Task statement
Below are records with pictures in them. Output exactly the lines from the one with "Test-driven programming is" through the one with "If you need", both included, and leave every picture out; give only those lines.

***** Data records

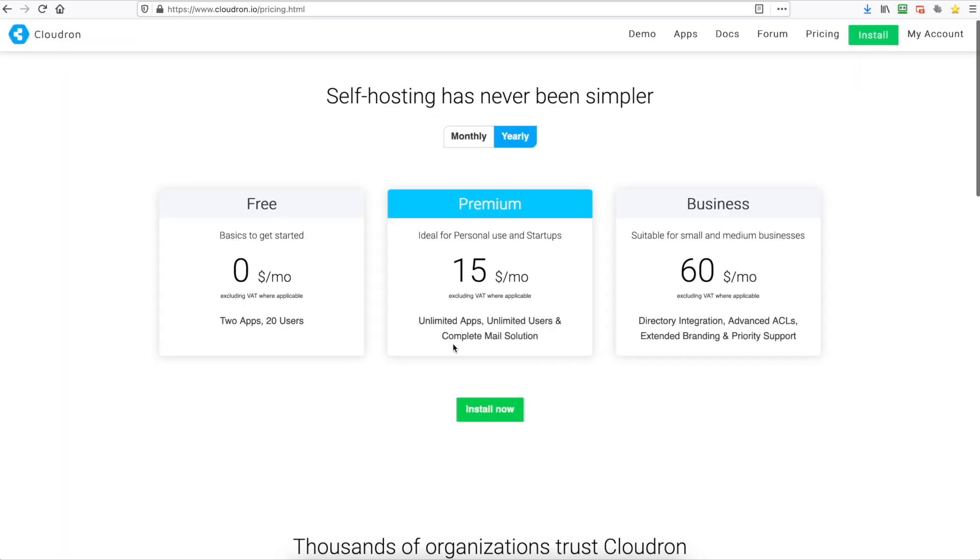So there you have it, for $15 a month you can get unlimited apps or if you're happy with just two you can do that too. So if you like this video please hit the like and subscribe button and we'll see you in the next one.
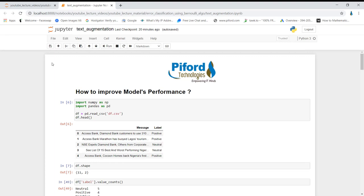Hello everyone, this is Arohi. In this video I'll talk about the common problem which most of us face while working on data science, ML, or deep learning projects — the problem of model performance, meaning how to improve the performance of your model. I'll show you practically how to boost model performance, so keep watching and don't forget to subscribe to my channel.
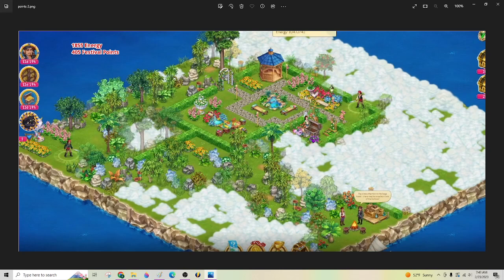And my last chest was right here close to the center, so I got really lucky. And I only spent 1855 energy, but then I only got 405 points, so almost 100 less than Jeff got. But significantly less energy used.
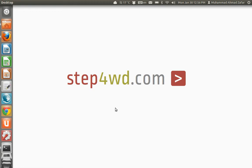Assalamualaikum, my name is Ahmed and today for stepforward.com I'm going to demonstrate how Apache web server can be used to run multiple name-based hosting sites on the same machine. By default when Apache is installed...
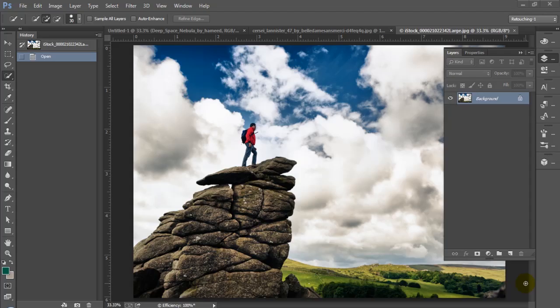Hey YouTube, this is Roberto Blake and welcome to another Photoshop CC tutorial. In today's tutorial I'm going to be teaching you sky replacement.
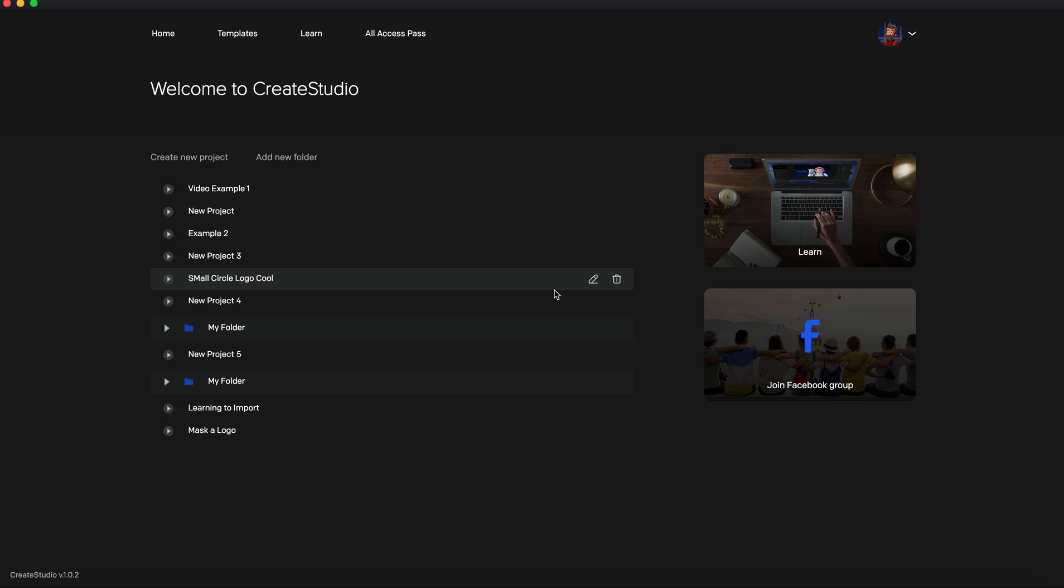But even then, new features are going to be coming out, new templates are going to be added, yada yada yada. So this may change. This is not set in stone.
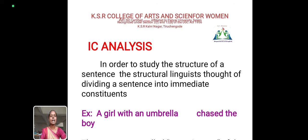Now, IC analysis. In order to study the structure of a sentence in structural linguistics, linguists thought of dividing a sentence into immediate constituents. For example, take the sentence: 'A girl with an umbrella chased the boy.' This sentence is separated into two parts, and each part is called a constituent.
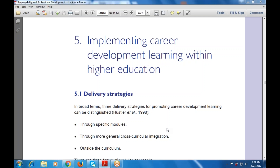Good morning everyone. Shall we begin the session? Today I am taking the same module, that is employability and professional development, but with a new chapter — chapter number five: implementing the career development learning within higher education.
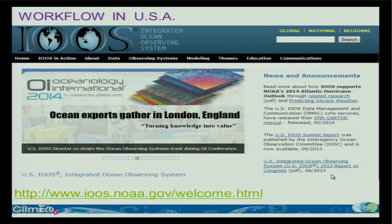In the USA, you have IOOS, the Integrated Ocean Observing System. Same principle, but directly on the IOOS website, surprisingly, I couldn't find an easy way to get the data products, even though there's something called 'data' there. It's not that easy to get, and I would need to look into it.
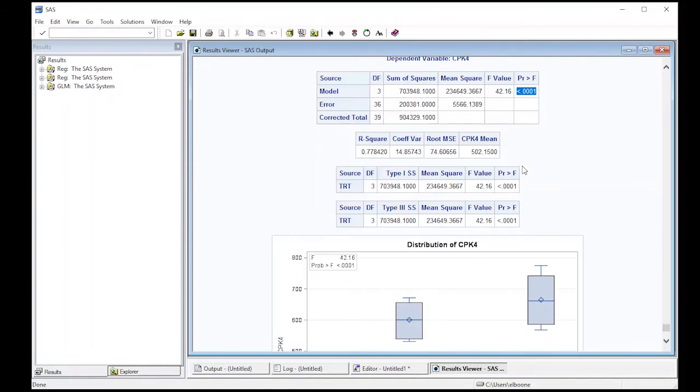...that all of them are the same (so each and every mean is the same) versus at least two of them differ. From this you'll quickly see that the p-value is extremely small, which would indicate that differences do exist across these treatment groups.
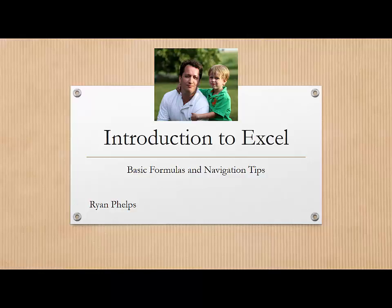The first video in this series explained navigating within an Excel sheet and changing the formatting to make the sheet more user friendly. In this video we're going to look at basic formulas and along the way we're going to learn some navigation tips.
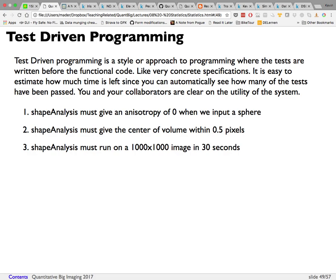Test-driven programming is similar to test-driven development: you come up with sample images and tests that range from basic correctness — like shape analysis anisotropy should be zero for a sphere — to performance tests, such as analysis of a 1000x1000 image should complete in less than 30 seconds. You then optimize and tweak the code until all tests pass. Until it runs in under 30 seconds, it hasn't passed that performance test.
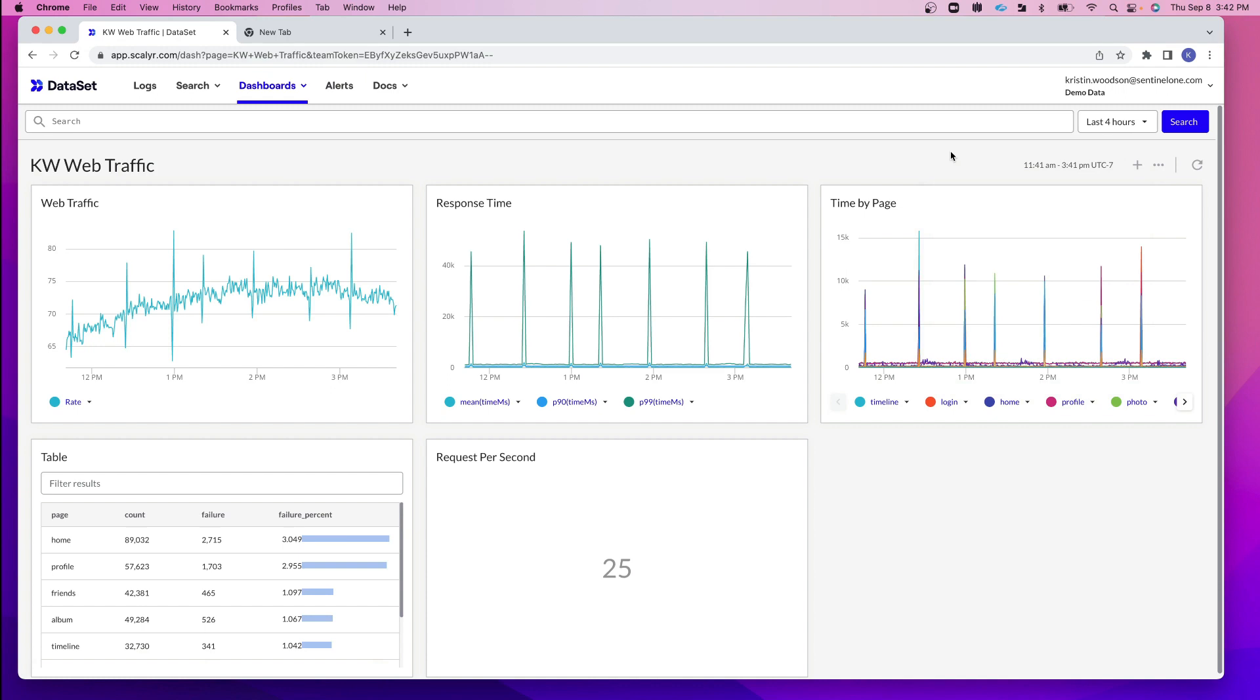These are just some of the basics when looking at our dashboards. Stay tuned for our next video. That's going to be searching, creating graphs and adding them to dashboards through searching and creating multi-plot graphs. Thank you for your time and I look forward to seeing you in the next video.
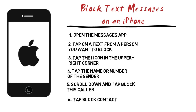If you need to remove a number or contact from your block list, go to Settings, tap Messages, tap Blocked, tap Edit, then tap the minus button next to a contact or number from the list to unblock them.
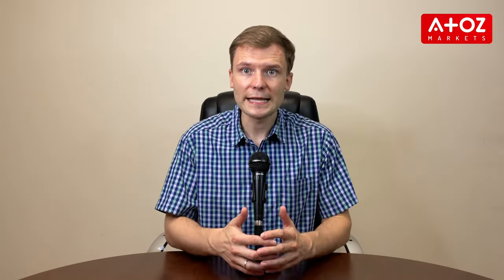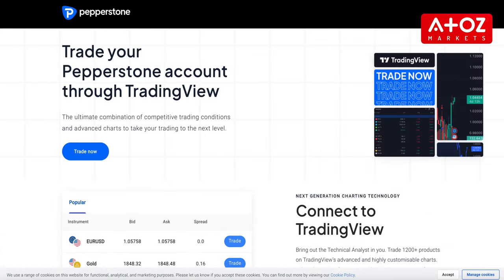Make sure to select the Trading panel and search for Pepperstone. Once you've connected your account, establish a secure connection by authorizing access to your Pepperstone trading account.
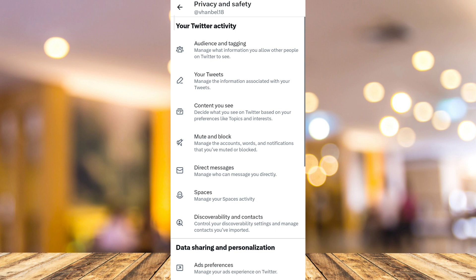And from here, all you need to do is tap on Audience and Tagging at the top.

**********

Solution to the exercise
Test-driven programming is similar to test-driven development: you come up with sample images and tests that range from basic correctness — like shape analysis anisotropy should be zero for a sphere — to performance tests, such as analysis of a 1000x1000 image should complete in less than 30 seconds. You then optimize and tweak the code until all tests pass. Until it runs in under 30 seconds, it hasn't passed that performance test.
These are just some of the basics when looking at our dashboards. Stay tuned for our next video. That's going to be searching, creating graphs and adding them to dashboards through searching and creating multi-plot graphs. Thank you for your time and I look forward to seeing you in the next video.
If you need to remove a number or contact from your block list, go to Settings, tap Messages, tap Blocked, tap Edit, then tap the minus button next to a contact or number from the list to unblock them.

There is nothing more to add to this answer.